Mais où, en démocratie, celle-ci peut-elle apparaître publiquement dans toute son ampleur sinon au Parlement ? Dans l’examen de la loi d’urgence, le Sénat a donc rappelé ce qui demeure une garantie fondamentale : à un nouveau régime d’exception, le « régime d’urgence sanitaire », par lequel l’exécutif et l’administration obtiennent de grands et nouveaux pouvoirs. Un contrôle parlementaire permanent exceptionnel aurait dû pouvoir s’appliquer, contrepoids finalement refusé par le gouvernement…
Qu’en est-il des citoyens ? Frappante est la rapidité avec laquelle ceux-ci ont accepté de renoncer à une part de leurs libertés. Là encore Hobbes nous aide à comprendre : la peur de la mort est la raison même de Léviathan. L’utilisation à maintes reprises par Emmanuel Macron de la métaphore guerrière va dans le même sens : dans son discours du 16 mars, à quatre reprises il a répété « nous sommes en guerre », appelant à la « mobilisation générale », précisant toutefois qu’il s’agit d’une « guerre sanitaire » contre un « ennemi invisible. » Le juriste Carl Schmitt faisait de la distinction entre l’ami et l’ennemi la catégorie majeure et ultime du politique : symboliquement, la désignation de l’ennemi redonne corps à la cité.
Mais, paradoxalement, cette « mobilisation générale » prend dans les faits la forme d’une mobilisation ciblée et d’une injonction à la passivité du plus grand nombre, démotivante et contraire à la fierté patriotique. Le « restez chez vous » met en évidence la vulnérabilité et la faiblesse de l’individu ordinaire.
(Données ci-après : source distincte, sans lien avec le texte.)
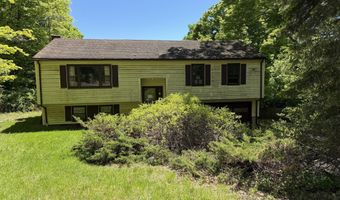 15 Bear Mountain Rd, Danbury, CT 06811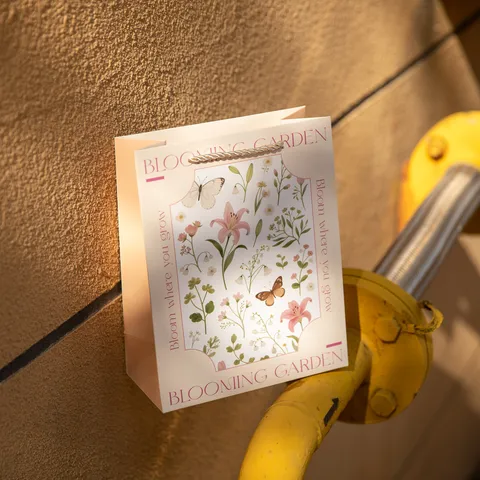 Künstlerische Blumen Papier Geschenktüten Mit Henkeln Frischer Stil Blumen Schmetterling Muster Geschenktüten Für Geburtstag Party Verpackung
Il transforme les citoyens en sujets passifs et en une masse inerte, à l’opposé de toute fierté active.
Cette passivité culmine dans des formes de mobilisation symboliques, comme les fameux applaudissements, même si des actions de solidarité se déploient.
Dans cette crise, le gouvernement français a insuffisamment misé sur la mobilisation active des gens, non seulement au départ pour s’approprier les gestes qui sauvent et prendre part à leur diffusion, mais plus encore ensuite pour se mobiliser utilement pour la collectivité. Le distinguo entre l’injonction à poursuivre son rôle économique tout en renonçant à la vie sociale, comment ne pas y voir une contradiction et une autre expression de la dépossession de la part civique ? Le confinement de tous est une mesure scientifiquement compréhensible, administrativement efficace, mais politiquement délétère.
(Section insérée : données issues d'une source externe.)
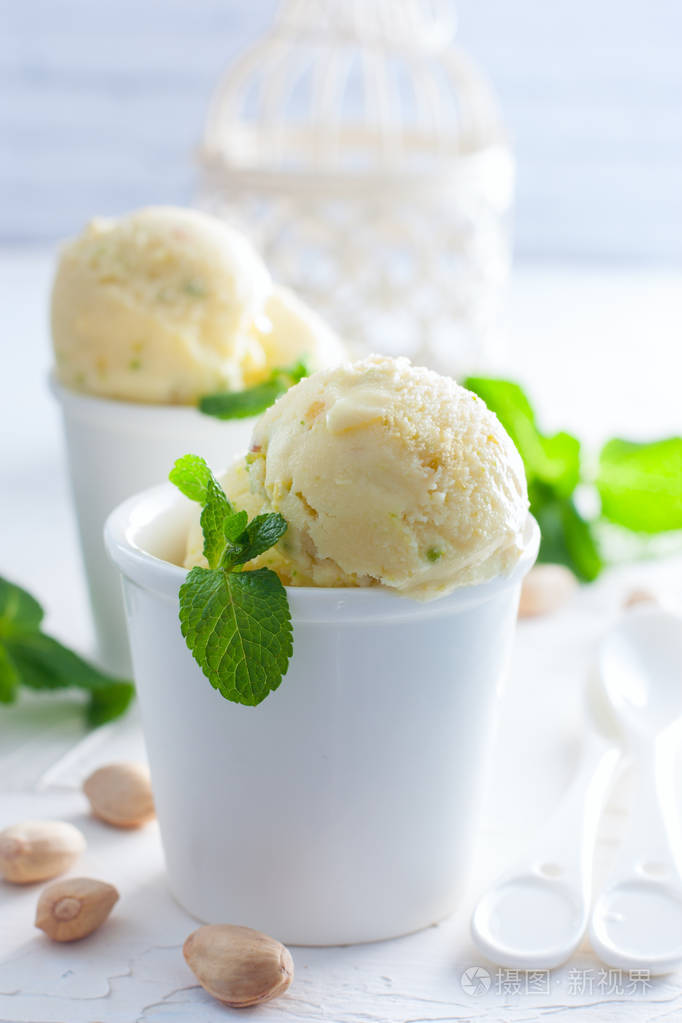自制的开心果冰淇淋在白色杯子选择焦点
La survie de l’humanité impose-t-elle au final de renoncer à la liberté ? La question n’est pas neuve : en 1939, déjà, Raymond Aron, s’exprimant devant la Société de Philosophie, voyait bien la puissance des « États totalitaires » face à la faiblesse apparente des « États démocratiques3 ». Cette faiblesse serait-elle le prix de la liberté ? Aron, pour sa part, jugeait les démocraties capables de force à condition de mener la guerre par et pour l’affirmation de leurs vertus propres. Comme le disait alors Aron « les principes ne sont rien lorsqu’ils ne sont pas animés par la vie et par la foi. Il s’agit aujourd’hui de leur redonner vie. »
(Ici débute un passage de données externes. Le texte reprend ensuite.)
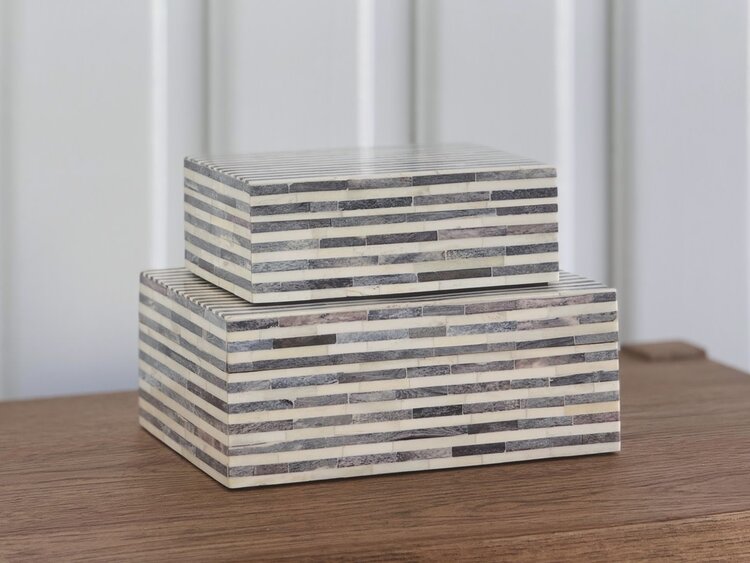 Blue and White Bone Box: Medium - AS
La démultiplication des dispositifs d’urgence face aux crises sanitaires ou environnementales qui accroit les prérogatives de l’administration pose aujourd’hui un même défi aux démocraties libérales : mener ces guerres sans renoncer à elles-mêmes, et pour ce faire étendre les dispositifs de contrôle de l’exécutif ainsi que la délibération publique. Nulle guerre sans buts de guerre. En somme, comme de Gaulle le dit en 1941, à l’université d’Oxford, dans un de ses plus grands discours, « la guerre actuelle a pour enjeu la vie ou la mort de la civilisation occidentale » car « à la base de notre civilisation, il y a la liberté de chacun », une liberté qui ne se réduit pas au principe d’une émancipation indéfini des individus mais qui se réalise et culmine dans la vertu du gouvernement commun.